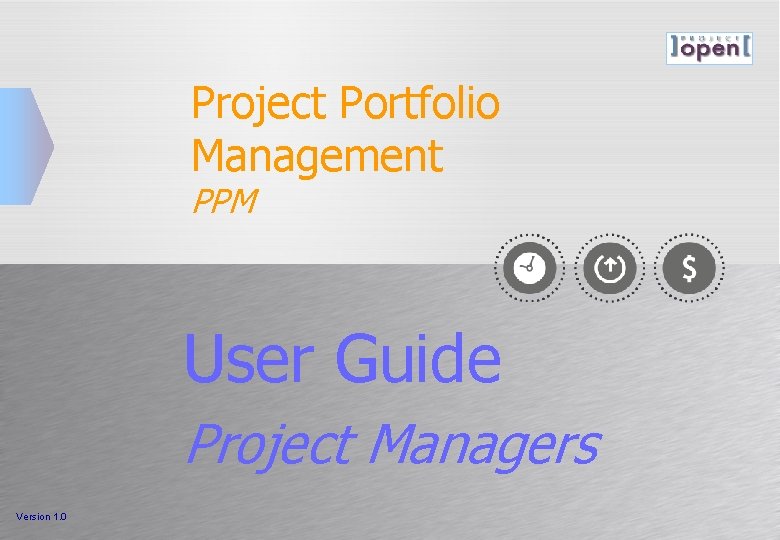 Project Portfolio Management PPM User Guide Project Managers Version 1. 0 Project Portfolio Management PPM User Guide Project Managers Version 1. 0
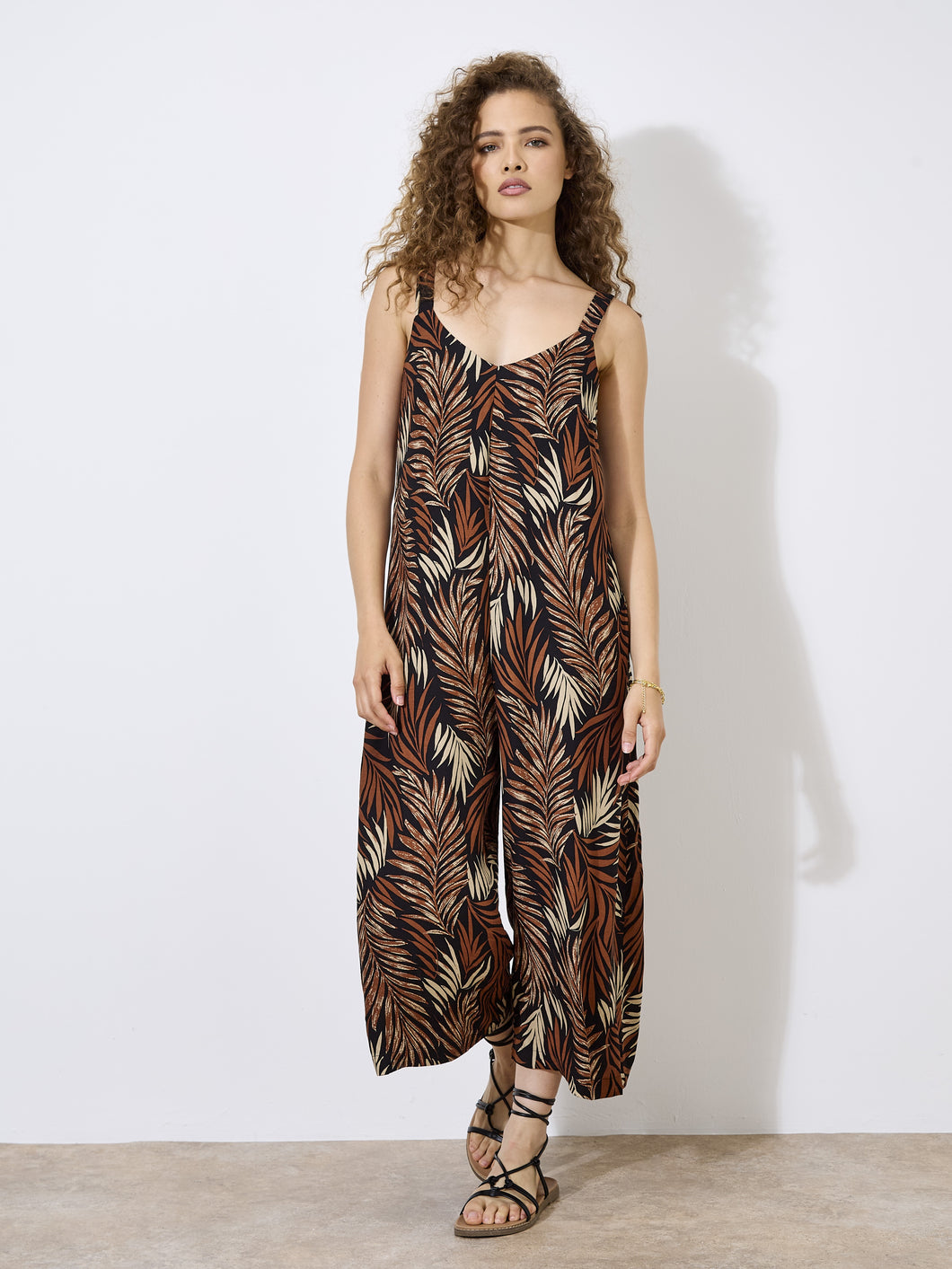 Rust Textured Flowing Leaves Wide Length Jumpsuit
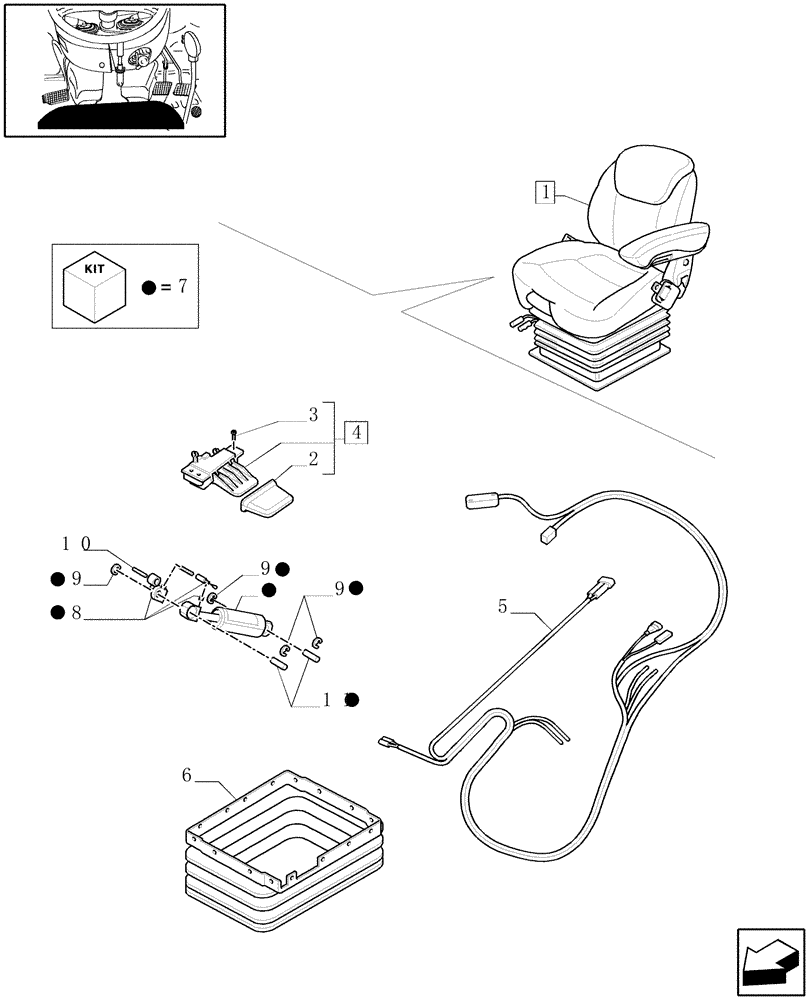 Схема запчастей Case IH MAXXUM 140 - (1.93.3/ M[06]) - DELUXE SEAT WITH AIR SUSPENSION, OPS AND BELTS - BREAKDOWN - W/CAB (10) - OPERATORS PLATFORM/CAB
=====
# Problem statement
In the copy you write, the data above must appear exactly, with no pictures.

# Exercise answer
 Project Portfolio Management PPM User Guide Project Managers Version 1. 0 Project Portfolio Management PPM User Guide Project Managers Version 1. 0
 Rust Textured Flowing Leaves Wide Length Jumpsuit
 Схема запчастей Case IH MAXXUM 140 - (1.93.3/ M[06]) - DELUXE SEAT WITH AIR SUSPENSION, OPS AND BELTS - BREAKDOWN - W/CAB (10) - OPERATORS PLATFORM/CAB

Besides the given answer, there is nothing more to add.